In my previous post, I pointed out that it is counterproductive to teach a subject well but to teach students to hate the subject in the process. What do we gain as a nation if students are left with such strong negative feelings about what they have studied? At best, they will be reluctant to pursue further learning in that field. And at worst, they will refuse to do so. Therefore, before patting ourselves on the back when we boost standardized test scores as the sine qua non, we should ask ourselves what price we have paid for doing so.

Defenders of the exclusive emphasis on cognitive results will argue that affective outcomes are not as easily assessed. But that doesn’t mean they can’t be measured. One of the ways of doing so is through use of an attitude inventory that is anonymously completed by students before and after instruction. Perhaps the best known of these is the Likert inventories that were introduced in 1932. Typically, there are five possible responses to a statement, ranging from strongly agree to strongly disagree. Its format is familiar to most students today because they are used to rating movies and other content.

Reformers will maintain that these results constitute “soft” data. But teaching is more than merely instilling skills and knowledge in students.
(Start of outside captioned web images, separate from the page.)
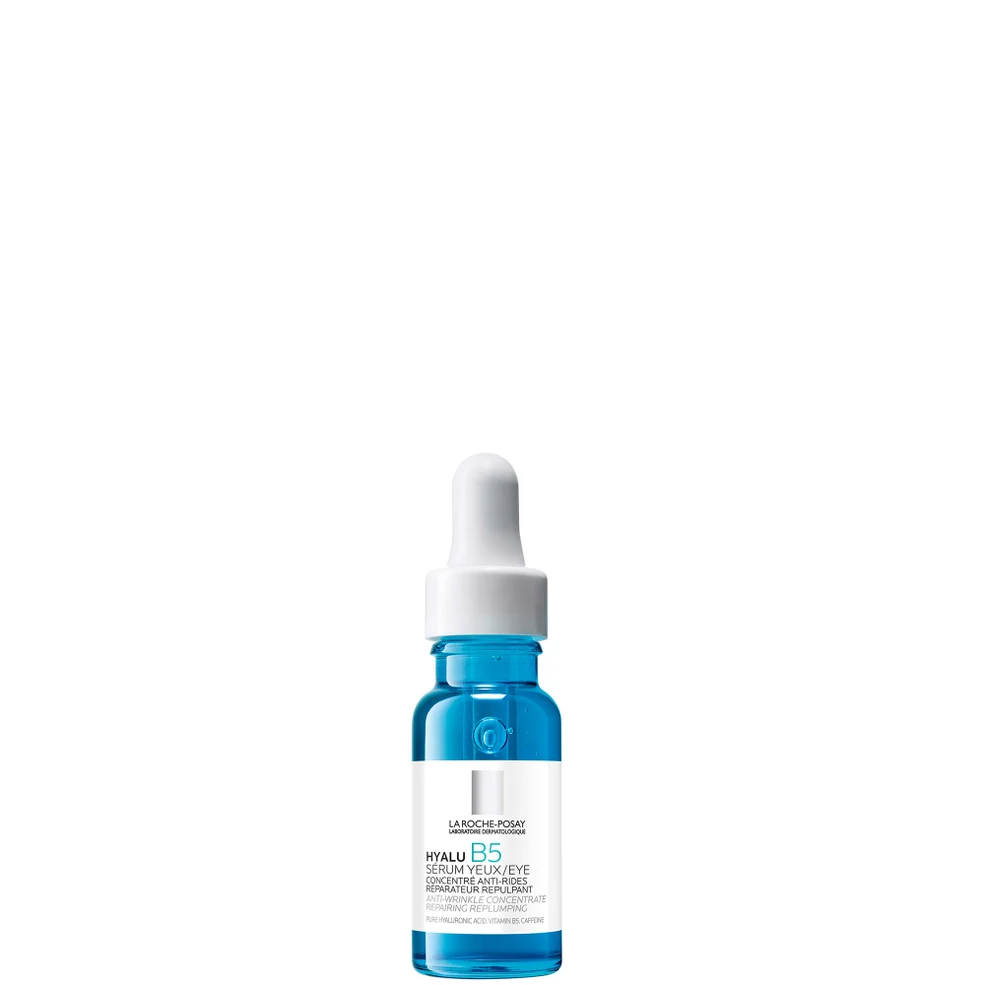 La Roche-Posay Hyalu B5 Eye Serum for Dehydrated Eyes Showing Signs of Ageing przeciwstarzeniowe serum pod odwodnione oczy 15 ml Zdjęcie 1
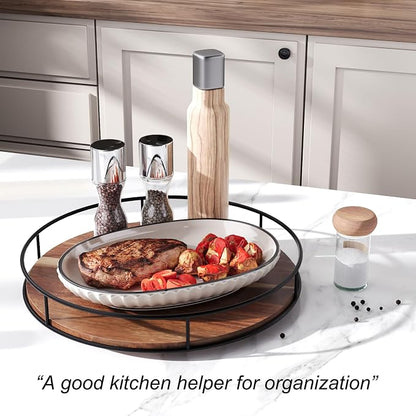 13 Inch Lazy Susan Organizer - Image 3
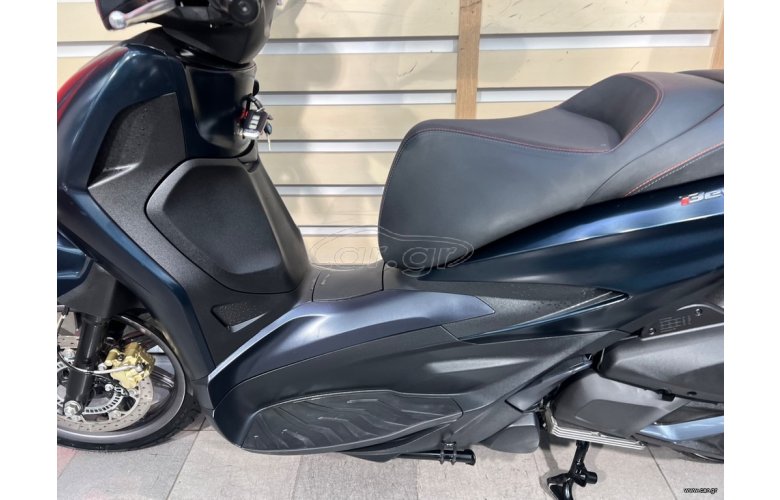 Piaggio Beverly 300i 2021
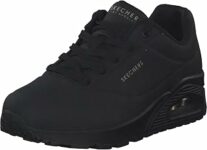 Skechers Women’s Uno Stand On Air Trainers – B07H5X7RH5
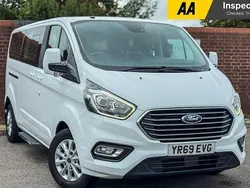 Used 2018 Ford Tourneo Custom Titanium MPV | £28,499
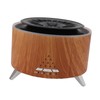 Flame Aroma Diffuser Jellyfish Shape Spray Bluetooth Speaker Flame Atomizing
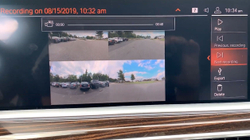 Kamerat e BMW-së incizojnë 20 sekonda para dhe 20 pas në rast të aksidentit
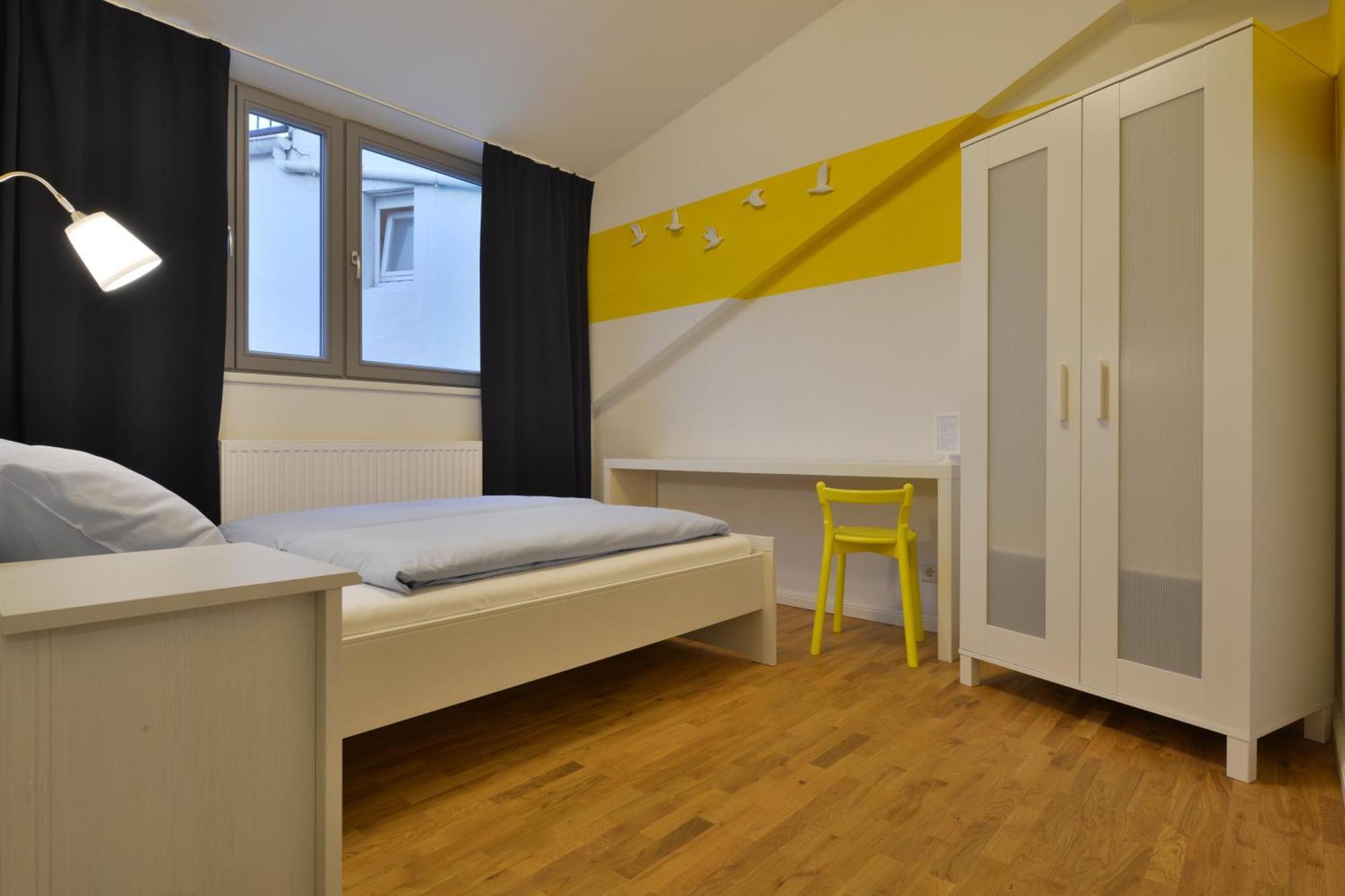 Townside Hostel BRE Eksteriør billede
It’s this acknowledgement that was conspicuously absent from President Obama’s speech delivered on July 29 at the centennial convention of the National Urban League. He proclaimed that “We have an obligation to lift up every child in every school in this country, especially those who are starting out furthest behind.”

If Obama genuinely means what he said, then it behooves him to explain how converting classrooms into test preparation factories in order to boost standardized test scores will serve students most in need of enrichment. Drilling has its place, but when it becomes the overwhelming – perhaps sole – pedagogy used with these students, they will continue to be shortchanged. Their attitudes about learning matter more than reformers comprehend.